What came back surprised her.

Trace amounts of pesticides, dioxin and a jet fuel ingredient — as well as high to average levels of flame retardants — were all found in her breast milk. How could something like this happen? Find the answer here.

Bonus II: A conservative shareholder of Time Warner wants to muzzle anti-Tea Party remarks from Morgan Freeman, who’s on a publicity tour for a movie. Tech/media analyst Dan Gillmor says the correct response should have been, “‘Have you ever heard of free speech, you jerk? I don’t care how many shares you own.'”

Bonus III: The rape in the Boundary Waters. (WCCO)

TODAY’S QUESTION

Recent departures of senior leaders from Best Buy have cast a new light on office relationships between employees of different ranks. Today’s Question: Have personal relationships in the workplace ever presented a problem for you?

WHAT WE’RE DOING

Daily Circuit (9-12 p.m.) – First hour: Leaders of the Minnesota House of Representatives assess the just-concluded legislative session.

Second hour: Life in North Dakota’s Oil Patch.

Third hour: The golden age of local music.

MPR News Presents (12-1 pm): On the anniversary of the 1954 Supreme Court decision in Brown v.

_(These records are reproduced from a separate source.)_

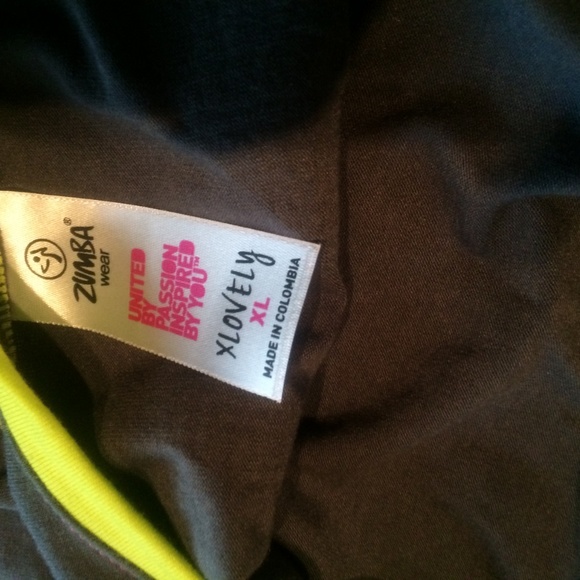 ZUMBA OUTFIT   Leggings Large  Top XL  NWT - Picture 8 of 8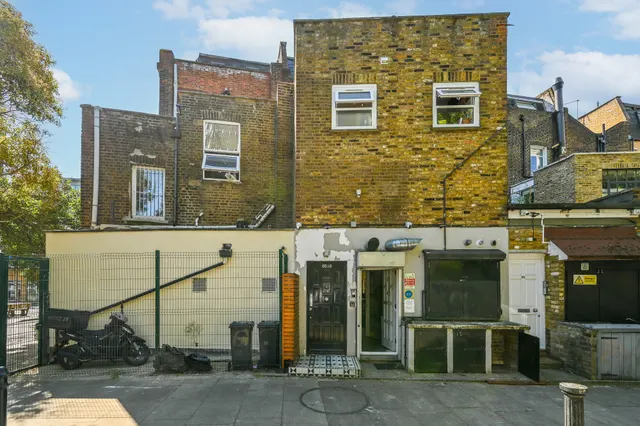 88b Goldhawk Road, London, photo 1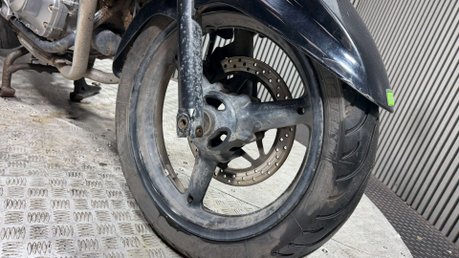Suzuki Inazuma GW 2013 13K GOOD RUNNING PROJECT BIKE SPARES OR REPAIR 250CC A2 16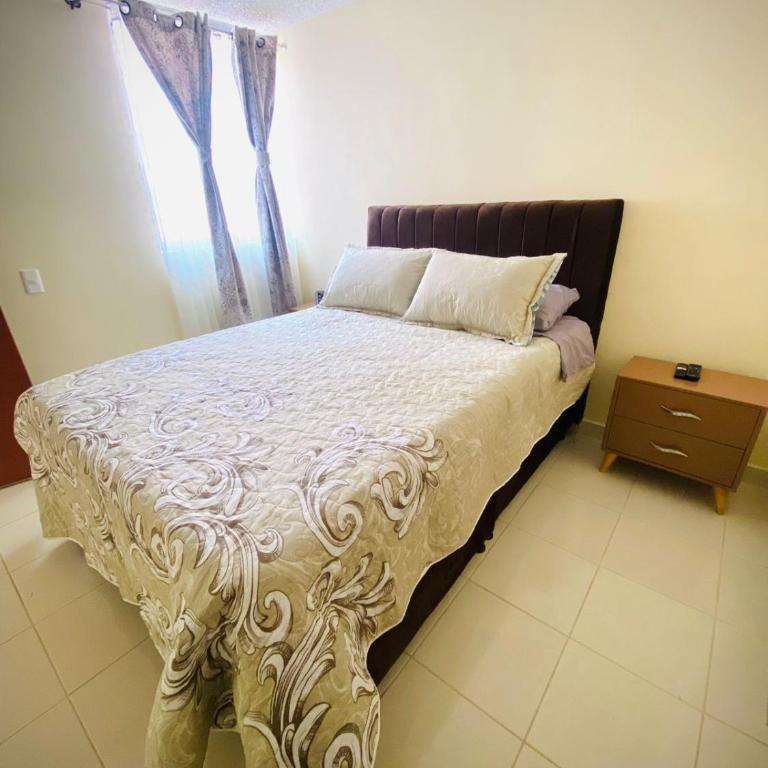 Apartamento Madrid cund - Three-Bedroom Apartment - 17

Board of Education, an American RadioWorks documentary, “Thurgood Marshall Before the Court.” Before Thurgood Marshall was named to the Supreme Court, he was the NAACP attorney who spearheaded the school desegregation case.

Talk of the Nation (1-3 p.m.) – First hour: New choices for amputees.

Second hour: The consequences of an economic collapse in Greece.

All Things Considered (3-6:30 p.m.) – Local bands on late-night television two nights in a row, an almost all-local “Rock the Garden,” local bands selling out First Avenue’s main room more than ever — there are enough indicators to prompt Chris Roberts to ask local music observers and practitioners whether this is another golden era for local music.

Minneapolis Park Board Director of Forestry Ralph Sievert talks about the task of replacing the trees destroyed by last May’s tornado.